The company’s board of directors would make noise about employing Troy again, but not where Ed Case needed him most. In Ed Case’s world there were places for a man like Troy.

11

“Remember a patient named T.J. Monahan? Thomas J. Monahan?” Sherry asked.

Betsy nodded, sipping from her straw. She touched her lips with a napkin.

“Absolutely,” she said. “I haven’t thought of him in years, but, yes, he came with the asylum.”

They were just starting their second pitcher of Mississippi Muds, a concoction of ice cream, Kahlúa, and Southern Comfort. Sherry, enjoying the moment, was beginning to wonder if she hadn’t been a bore all these years. It wasn’t like her to deviate from the serious beers she favored toward candy-like drinks she’d always considered frivolous. The wonder of sight seemed to have brought about a sea change in Sherry’s approach to life.

Sherry nodded. “Any family?”

“None,” Betsy said. “Never had a visitor in my seventeen years.”

“You said he came with the asylum?”

“Nineteen fifty, as I recall. He’s probably in his late seventies now. He outlived anyone that was there when he was admitted.”

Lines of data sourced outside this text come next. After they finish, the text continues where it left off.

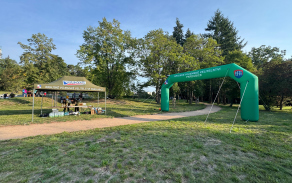 194 srdcí odvahy: Soutěž, která spojuje historii s odolností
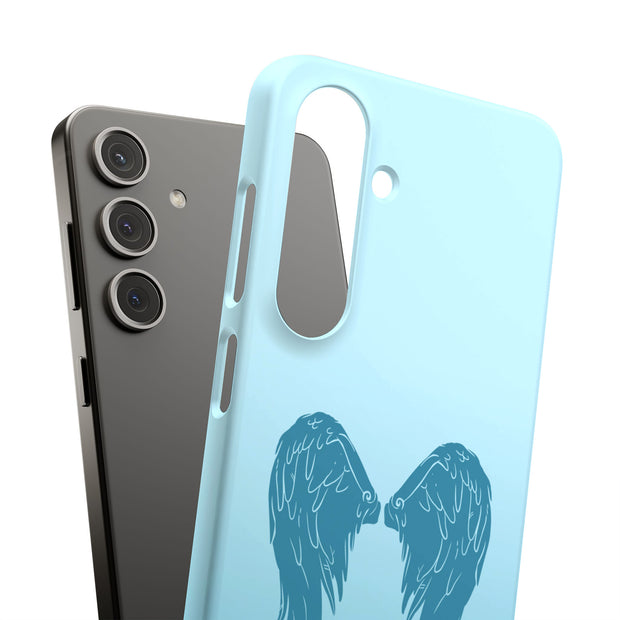 Hard Shell Style Case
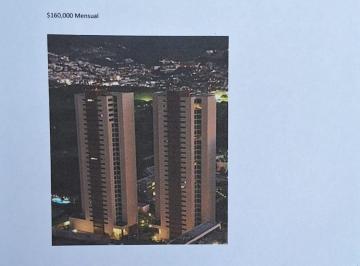 Departamento de 3 habitaciones, San Pedro Garza García · Renta de Departamento Amueblado en Levana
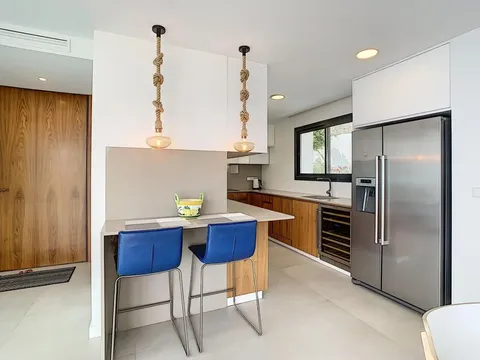 Casa de 251 m² a el Poble Nou de Benitatxell
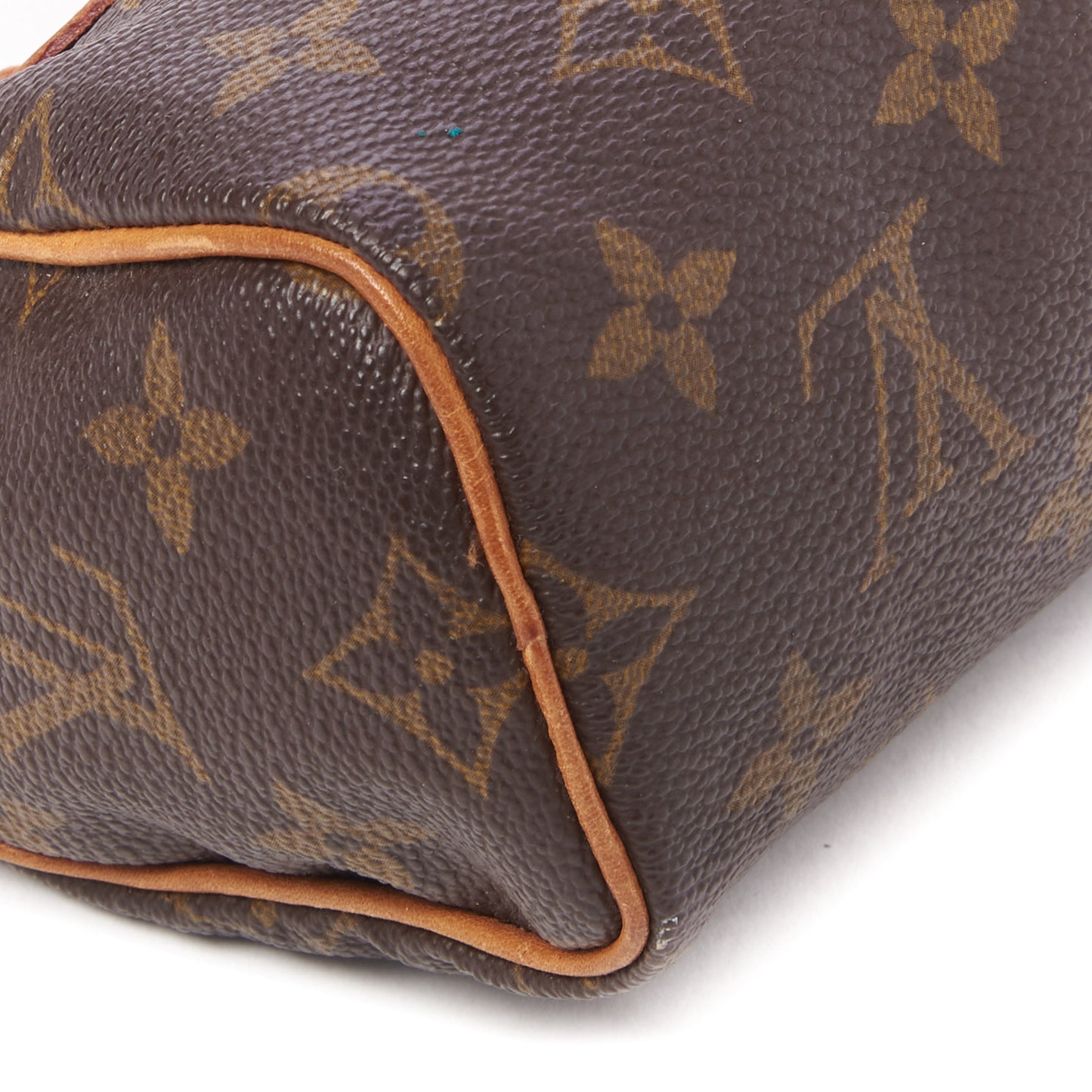 Monogram Mini Sac HL Speedy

Brigham shook his head. “He died.”

Betsy turned abruptly. “Monahan’s dead?” she said softly. “He was like the saddest thing you ever saw. He was there in a way and yet not. We could move him around, stand him on his own two feet, but there was no one inside. He’d just stare at the walls, year after year; sometimes he’d move his lips, but never said an intelligible word. We brought him to every holiday celebration, gave him a birthday and baked him cakes; he was like our mascot.” She smiled. “We always kidded about how he was the best patient in the ward. We didn’t mean anything by it. We really loved him.”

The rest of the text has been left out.